I was accompanied by the remaining two die-hard crew members still standing after 16 months of production, along with Hopper’s longtime right-hand man Satya de la Manitou, whose eyes the story is seen through. By this point, we were a motley bunch, pulling double and triple duty to get the film in the can. Running on the final fumes of the budget and whatever credit cards and airline miles we had left between us to hit our premiere in Venice. The journey ahead was a destination on a map high in the Peruvian Andes. Specifically, a remote village called Chinchero, where the bulk of The Last Movie was shot from 1969, bleeding into 1970.
I had very little else to go on when we boarded our flight at LAX and headed to South America without a plan. I’d elected to wing it. A Hail Mary pass for my ending in a foreign village I had only ever seen in Hopper’s film.

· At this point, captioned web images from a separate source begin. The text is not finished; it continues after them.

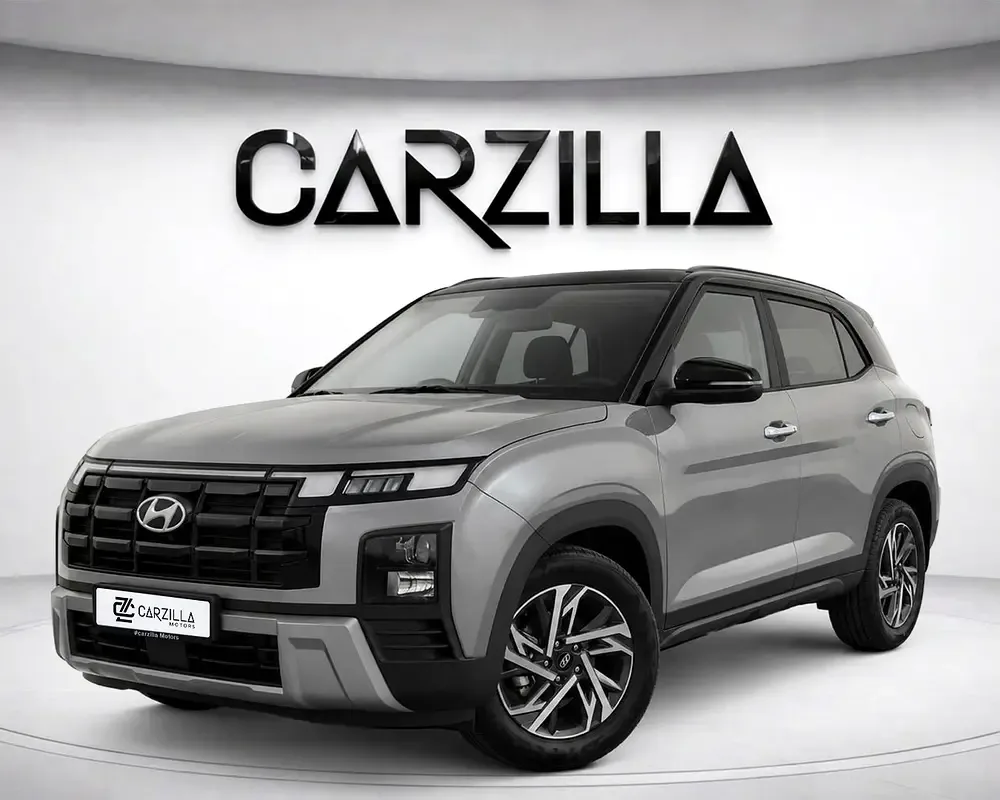Hyundai Creta 1.5 AMT (160 hp)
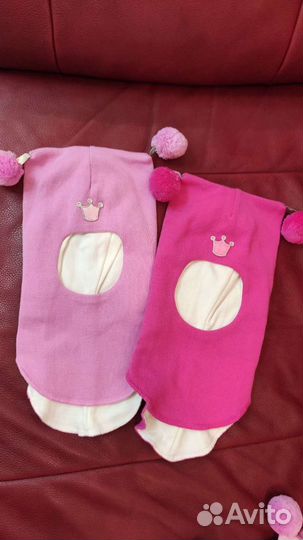 Шапка шлем Beezy Бизи демисезон 2 (50-53 см)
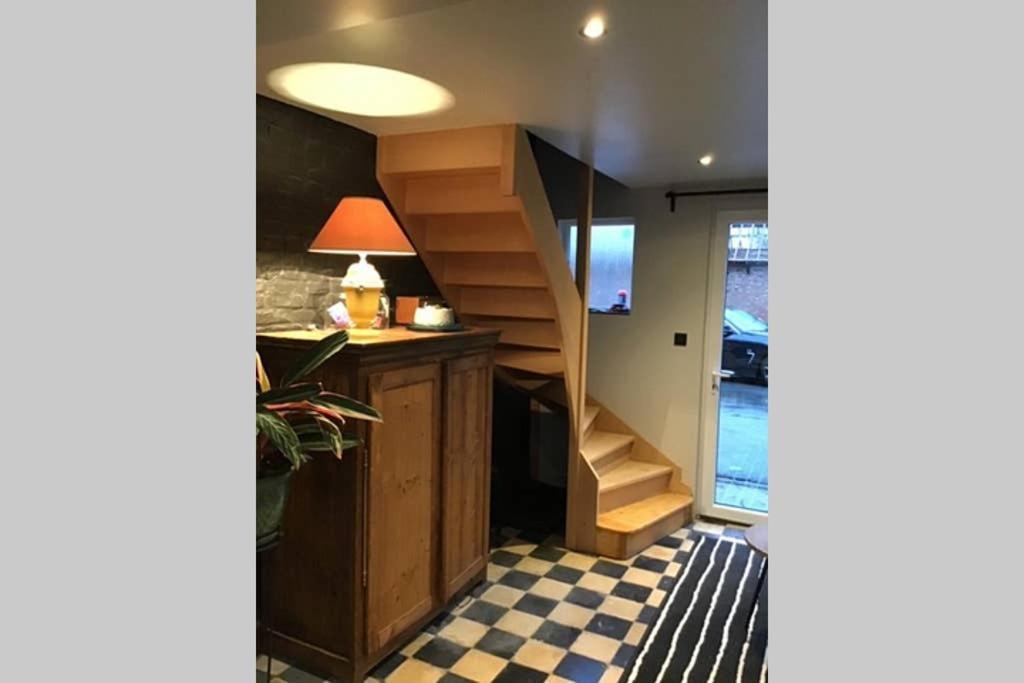 La Marliere Maison De Charme A La Campagne Houthem Ngoại thất bức ảnh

The first entry from My 2016 Peru Journal;
Day 1
We landed at Cusco Airport on Latam Air. There’s a cartoon parrot painted on the fuselage of our plane. Primarily, an international set of college Dave Mathew’s hippies who hacky sack were aboard looking for enlightenment atop Machu Picchu and from Ayahuasca psych guide rip-off artists. We’re in the minority, along with the Peruvians heading home and the odd American businessman.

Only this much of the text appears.